REPUBLIKA.CO.ID, WASHINGTON – PBB dan Amerika Serikat (AS) mengutuk serangan bom di Mogadishu, Somalia, yang menewaskan sedikitnya 100 orang pada Sabtu (29/10/2022) pekan lalu. Insiden itu turut menyebabkan ratusan warga lainnya terluka.
“(Sekjen PBB Antonio Guterres) sangat mengutuk serangan keji ini dan menegaskan kembali bahwa PBB berdiri dalam solidaritas dengan Somalia melawan ekstremisme kekerasan,” kata juru bicara Guterres, Stephane Dujarric, Ahad (30/10/2022), dilaporkan laman Al Arabiya.
Guterres pun menyampaikan belasungkawa kepada keluarga para korban, termasuk pemerintah dan rakyat Somalia. Pada hari yang sama, Gedung Putih juga mengeluarkan kecaman atas aksi serangan bom di Somalia. Washington secara khusus menyoroti bagaimana serangan itu diatur untuk menargetkan Kementerian Pendidikan Somalia dan responden pertama.
"AS tetap berkomitmen untuk mendukung Pemerintah Federal Somalia dalam perjuangannya untuk mencegah tindakan teroris tidak berperasaan seperti itu," kata penasihat Keamanan Nasional AS Jake Sullivan dalam sebuah pernyataan.
Pada Sabtu pekan lalu, dua mobil dipenuhi bom meledak di dekat persimpangan Zobe yang sibuk di Mogadishu. Insiden itu diikuti dengan aksi penembakan yang menargetkan Kementerian Pendidikan Somalia. Sedikitnya 100 orang dilaporkan tewas dalam kejadian tersebut.
Kelompok Al-Shabaab yang terafiliasi dengan Al-Qaeda mengklaim bertanggung jawab atas serangan itu. Mereka pun menyatakan bahwa para anggotanya memang sengaja menargetkan Kementerian Pendidikan Somalia.
Selain menghadapi ancaman terorisme, Somalia pun sedang dibekap krisis pangan. Pada September lalu, Kepala Kantor PBB untuk Urusan Kemanusiaan Martin Griffiths mengatakan Somalia berada di ambang bencana kelaparan. Hal itu disebabkan kekeringan parah yang melanda negara tersebut.
“Kelaparan sudah di ambang pintu dan kami menerima peringatan terakhir,” kata Griffiths dalam konferensi pers di Mogadishu, 5 September lalu. Dia mengungkapkan, kelaparan parah kemungkinan terjadi di dua wilayah, yakni di Somalia tengah dan selatan.

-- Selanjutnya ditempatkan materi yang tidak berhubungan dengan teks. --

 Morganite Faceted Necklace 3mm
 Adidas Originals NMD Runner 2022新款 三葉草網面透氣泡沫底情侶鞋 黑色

Griffiths, yang memulai kunjungannya ke Somalia pada 1 September lalu mengaku sangat terkejut dan terenyuh melihat kondisi di Somalia. “Waktu terus berjalan, ia akan segera habis,” ucapnya, memperingatkan tentang perlunya untuk segera menyalurkan bantuan kemanusiaan ke negara tersebut.
Menurut PBB, terdapat 7,8 juta orang yang menghadapi krisis kelaparan di Somalia atau sekitar setengah dari populasi negara tersebut. Sekitar 1 juta warga di sana telah melakukan perjalanan dan meninggalkan rumah mereka untuk mencari makanan serta air.